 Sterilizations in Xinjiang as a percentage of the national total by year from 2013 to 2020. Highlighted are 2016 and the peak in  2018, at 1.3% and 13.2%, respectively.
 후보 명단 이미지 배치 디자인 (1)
· · · · ·
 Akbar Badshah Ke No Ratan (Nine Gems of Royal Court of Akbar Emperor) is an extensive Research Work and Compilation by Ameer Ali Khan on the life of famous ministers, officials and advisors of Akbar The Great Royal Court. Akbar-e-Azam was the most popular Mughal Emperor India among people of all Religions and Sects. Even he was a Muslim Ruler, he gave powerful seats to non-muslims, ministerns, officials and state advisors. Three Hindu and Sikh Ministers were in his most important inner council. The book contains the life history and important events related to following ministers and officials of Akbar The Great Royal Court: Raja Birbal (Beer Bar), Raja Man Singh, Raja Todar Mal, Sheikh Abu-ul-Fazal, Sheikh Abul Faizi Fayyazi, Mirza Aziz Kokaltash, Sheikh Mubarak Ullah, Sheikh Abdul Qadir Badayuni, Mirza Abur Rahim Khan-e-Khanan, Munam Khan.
· · · · ·
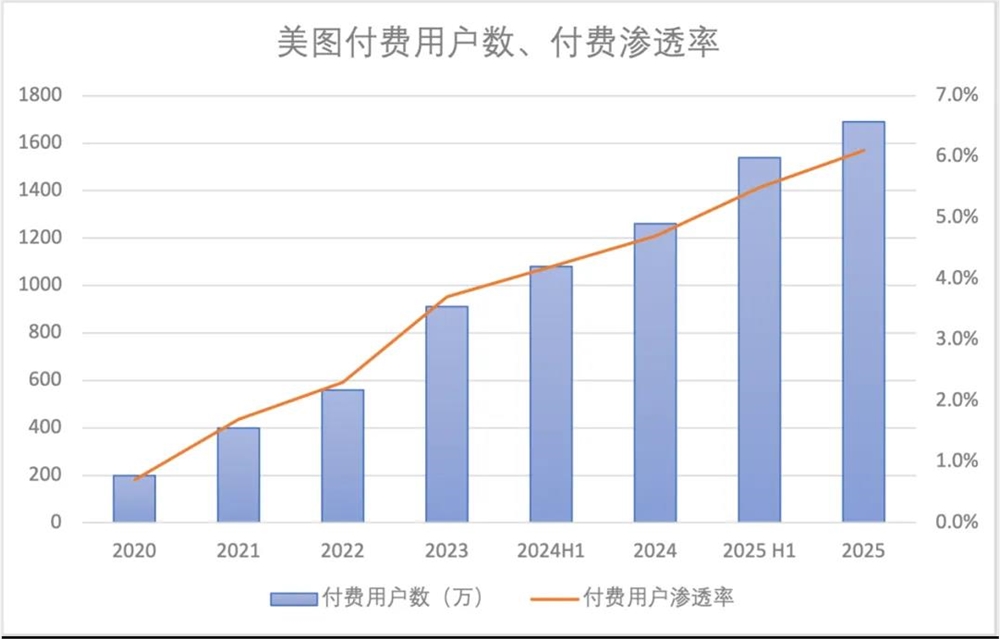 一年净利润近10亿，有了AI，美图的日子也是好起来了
· · · · ·
Work to be completed — Among the entries above, the line containing "Sterilizations in Xinjiang", the line containing "후보 명단 이미지 배치 디자인 (1)", and all lines between them are to be restated word for word; nothing else belongs in the reply.

Solved exercise —
 Sterilizations in Xinjiang as a percentage of the national total by year from 2013 to 2020. Highlighted are 2016 and the peak in  2018, at 1.3% and 13.2%, respectively.
 후보 명단 이미지 배치 디자인 (1)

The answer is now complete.